I have heard of a man of seventy, who said that he always prayed night and morning. When he was asked what he said in his prayer, it turned out that he only repeated the form which he had been taught to say as a little child. Now, if you had taught a parrot to say a prayer like that, the parrot would not have been saved, nor will you, if that is all you have to depend upon. There must be something, as a reason for prayer, vastly superior to that, or else your prayer may be nothing but a mockery of supplication, a sepulcher of devotion with no life in it, an external form which cannot please God.
Another says, “I pray because prayer is a part of my religion.” Yes, and it is a part of every true Christian’s religion to pray, it must be an essential part of his religion. But what sort of prayer is this of yours which seeks to justify itself upon the ground of being a part of your religion, and what is the religion of which it is a part? Is it a religion which knows God, and draws near to Him? Is it a religion which leads you to seek the Lord in spirit and in truth? If so, God bless your religion, and the prayer that is a part of it!
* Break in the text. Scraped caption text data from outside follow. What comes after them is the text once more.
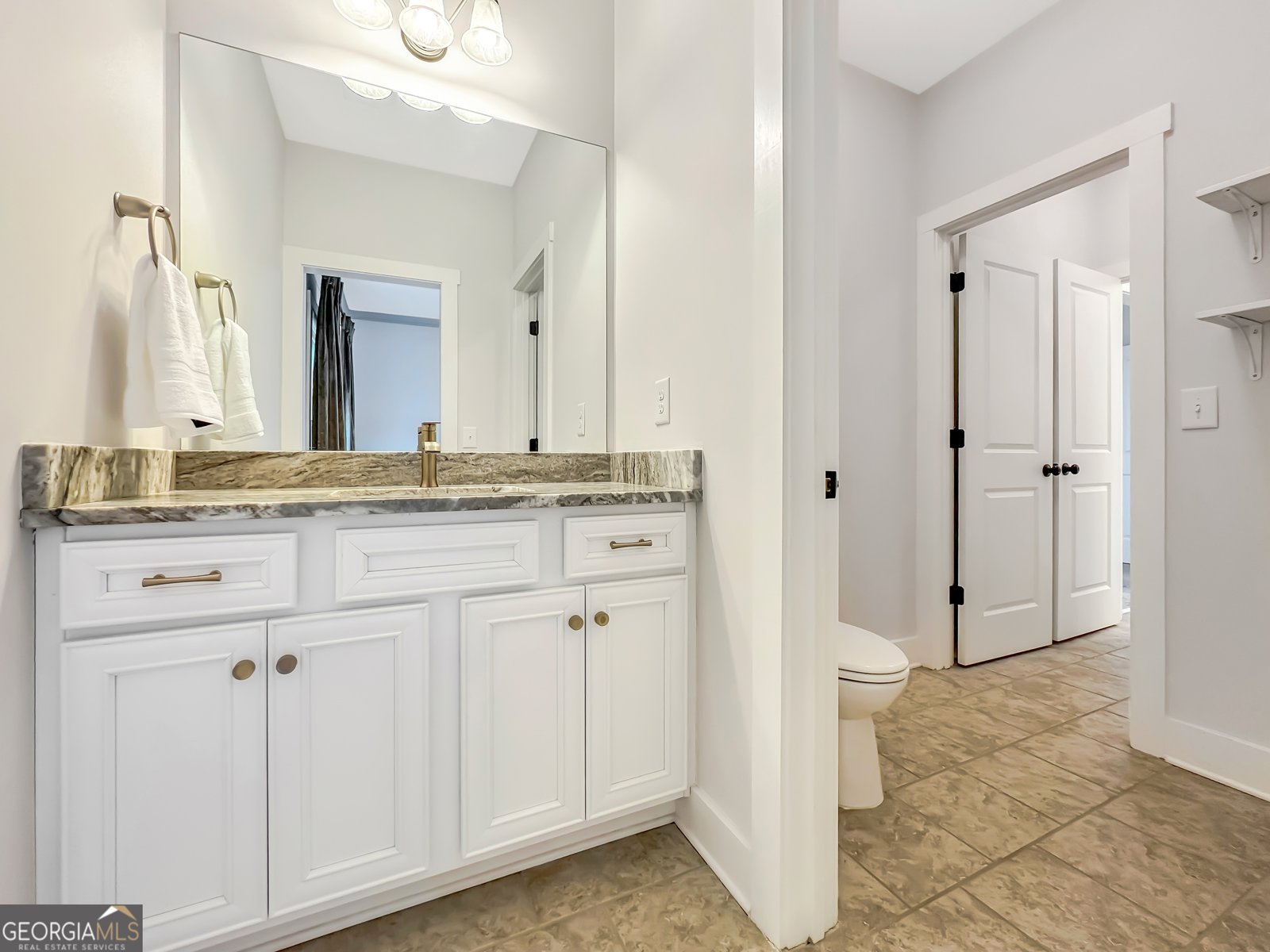 415 Vanderbilt Parkway Newnan - Photo 24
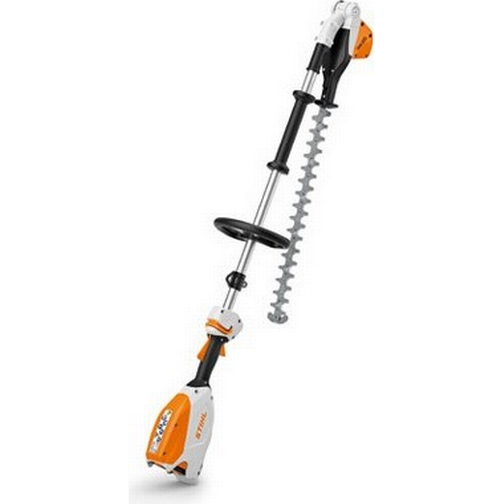 Stihl HLA 66
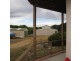 904 Dolphin Sands Road, Swansea TAS 7190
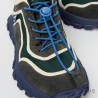 Deportivo Drift Trail Goretex de Camper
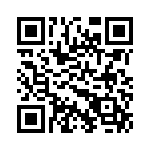 MS27473E24F2SB QRCode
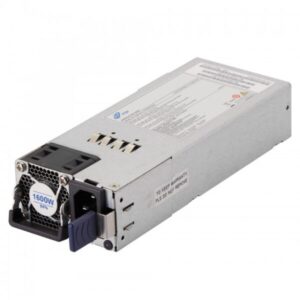 FSP1600-20FM 1600W 80 Plus Platinum CRPS Redundant Server Power Supply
But if your religion consists merely in attendance at church, or at the meeting house, so many times on the Lord’s day, and in the repetition of certain words which you have been taught, God deliver you from it! If your religion is to be worth anything, it must have a heart—there must be heart-work—the work of the Holy Spirit upon your hearts, and the drawing near of your soul unto God. Otherwise, all your outward performances, however excellent they may appear to be, will land you short of heaven.
Another friend replies, “I pray because it is a right thing to do.” There is something hopeful about that answer, but the question is, What sort of prayer do you pray? I make that inquiry because, although it is right to pray, it is not right to pray some sorts of prayer.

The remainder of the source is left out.